Le touriste-plaisancier, capitaine d’un immense vaisseau motorisé vogue vers une destination estivale. Ce faisant, il ralentit à son insu une flottille d’automobilistes. Doit-on le dépasser au sommet d’une vague afin de lui faire savoir de quel bois se chauffent les gens du Nord, ou encore le suivre de très près afin qu’il accélère? La réalité dépasse souvent la fiction : ces gens en vacances ne sont pas pressés d’arriver à destination. Ils admirent le paysage, se félicitent d’être sur la bonne voie en consultant fréquemment leur carte. Pourquoi ne pas leur donner un aperçu du savoir-vivre et des belles manières qui caractérisent la population vivant au nord du 60e parallèle? Pourquoi ne pas leur faire partager la douceur de vivre qui descend sur tout le territoire quand le soleil se mêle de la partie? Savoir accueillir les étrangers, s’ouvrir à leurs coutumes ne peut qu’être enrichissant, un petit peu de patience suffit.

Et qu’en est-il des travailleurs saisonniers attirés par la manne estivale?
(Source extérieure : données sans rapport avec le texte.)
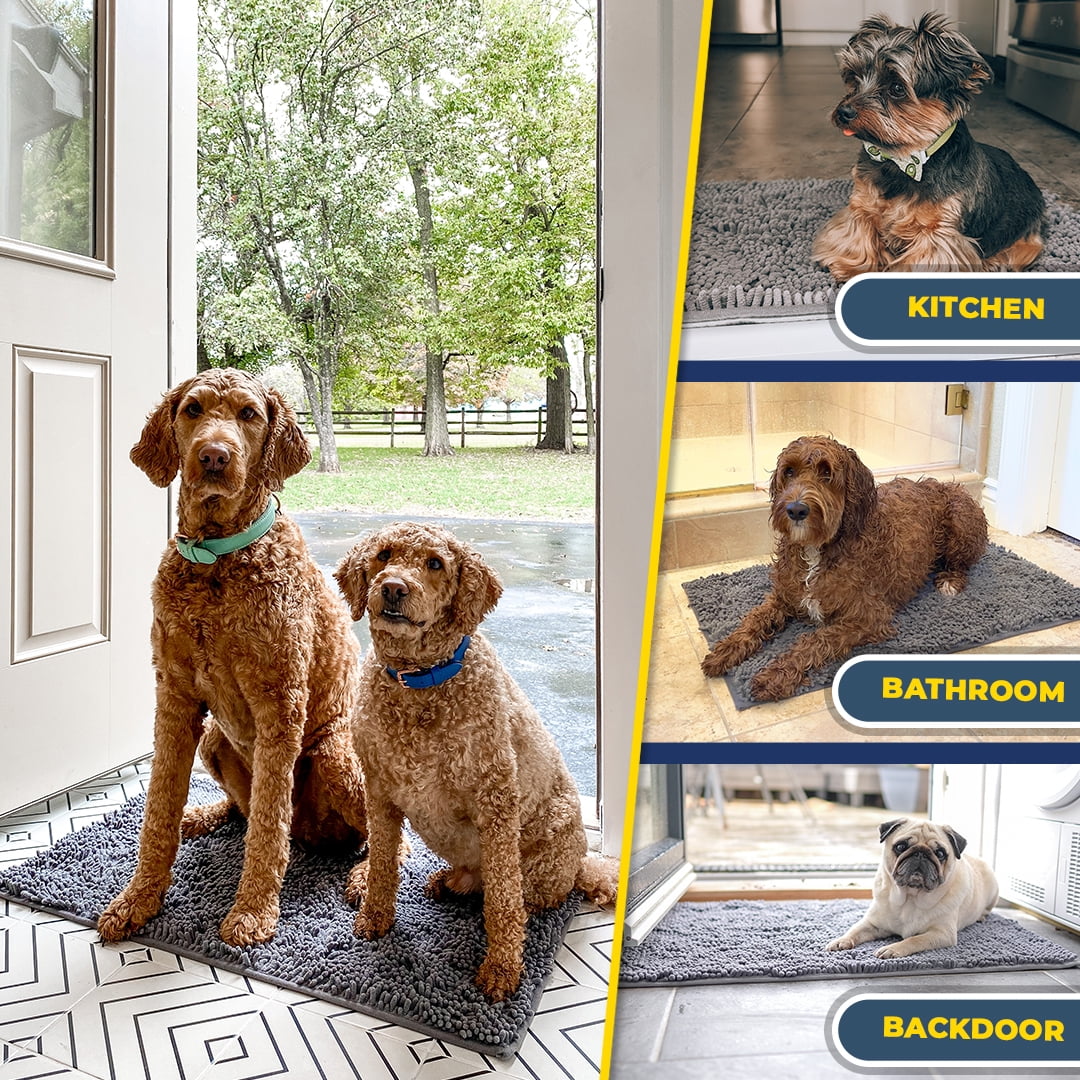 Muddy Mat® | Super Absorbent Door Mat Indoor, Microfiber Quick Dry Chenille Entryway Rug, Non-Slip Front Door Mat, Indoor Mats for Entryway, Machine Washable Pet Rug, Grey 18"x28"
Pas un sou en poche, mais une fleur au chapeau, ces gens reviennent d’année en année pour joindre des équipages pas toujours organisés. Les terrains de camping deviennent leur gîte l’espace d’une saison. En ces lieux bucoliques, les moustiques sont leurs pires ennemis. Mais le Yukon demeure quand même leur port d’attache estival.

Et enfin, la véritable faune qui peut être la source de tant de belles rencontres? Il suffit de se préparer et de ne point l’intimider. Ne pas l’attirer avec l’ignorance de ses mœurs et habitudes. Ne pas se croire maître des lieux, des sentiers, des montagnes et des forêts. Respecter son territoire, savoir l’apprécier.